SourceXR

C/C++ Cross-Reference Tool

Getting Started with Clang

This article describes how to get started with the clang analyzer to extract information about C and C++ source code. Clang belongs to the LLVM suite of compiler and tools and is delivered with an API allowing interaction with each stage of the compilation steps.

Prerequisites

First of all, you need to download and install clang. You can either use the pre-built binaries or download the LLVM and Clang sources tarballs.

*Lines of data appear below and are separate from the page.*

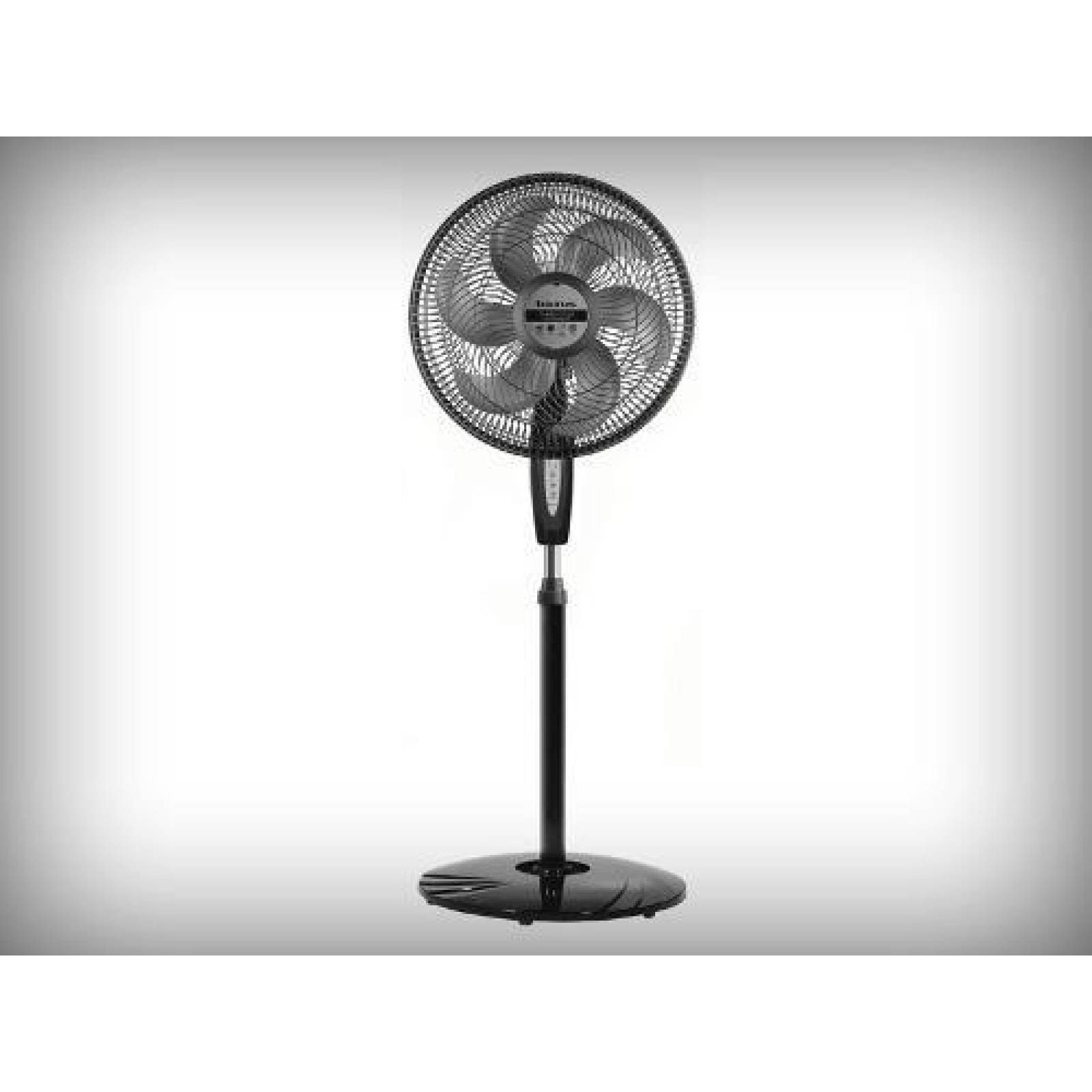 Ventilador De Pedestal Taurus Turbo Cycle 18 Pulgadas Potente 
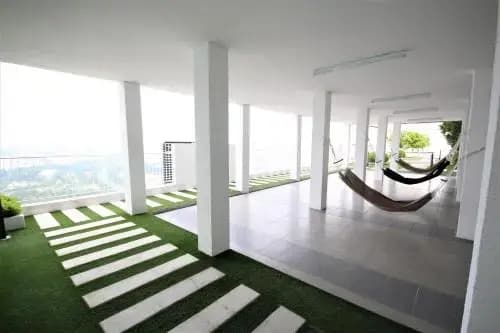 Solstice Service Apartment - photo 15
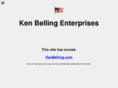 kenbellingent.com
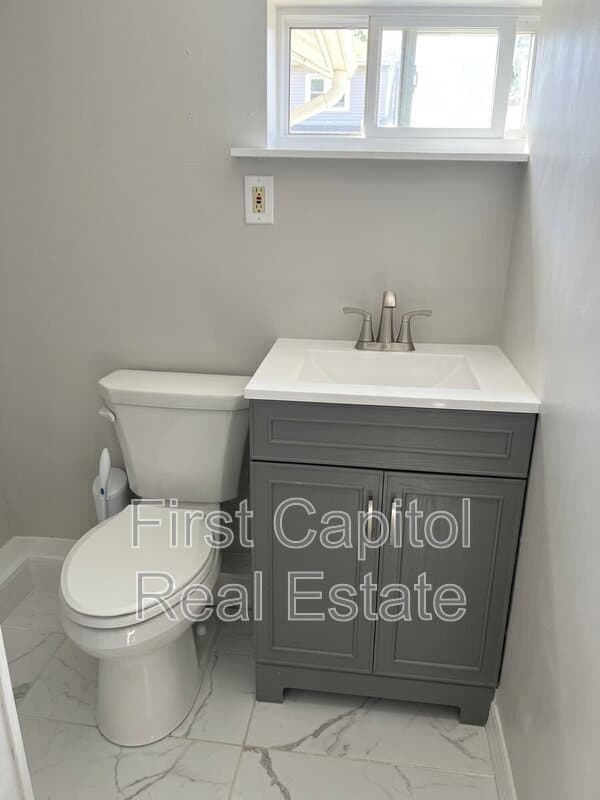 Harrisburg House: 2629 Catherine Street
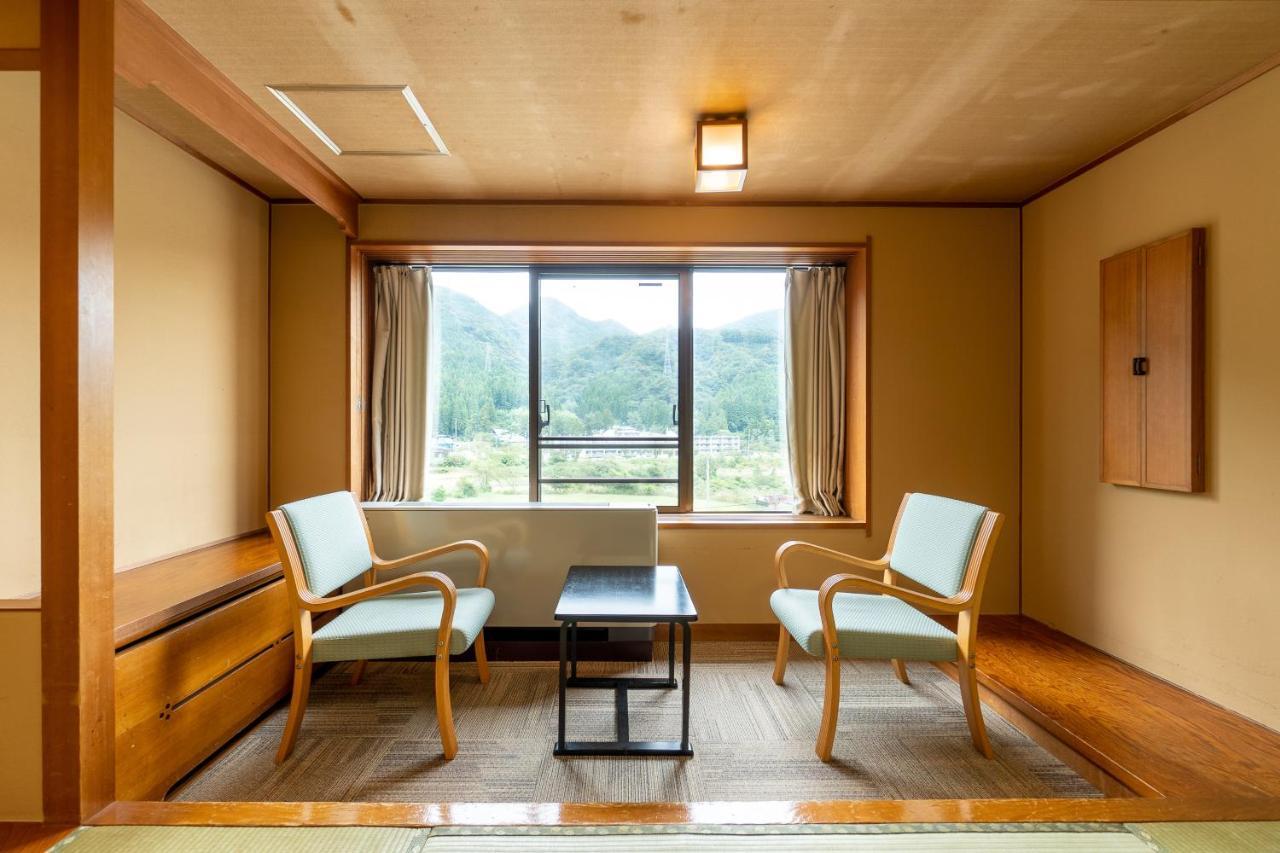 Hotel Ooedo Onsen Monogatari Kounkaku Osaki  Esterno foto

The process is described on the Clang installation page and is summarized below (we use LLVM version 3.3):

  1. Download clang and llvm here.
  2. Extract the llvm tar ball somewhere.
  3. Extract clang tarball within the tools subdirectory of llvm and rename the cfe directory to clang.
  4. Make a build directory, e.g. build, and step into this directory.
  5. Call the configure script from this directory: ../llvm-3.3.src/configure --prefix=/usr/local/llvm
  6. make && make install

Now we are ready to implement a clang sample tool whose purpose is to enumerate virtual member functions of a given source file.

Several interfaces are available to implement clang tools. Depending on your requirements you may choose one or another (the C interface, the tool interface, etc.).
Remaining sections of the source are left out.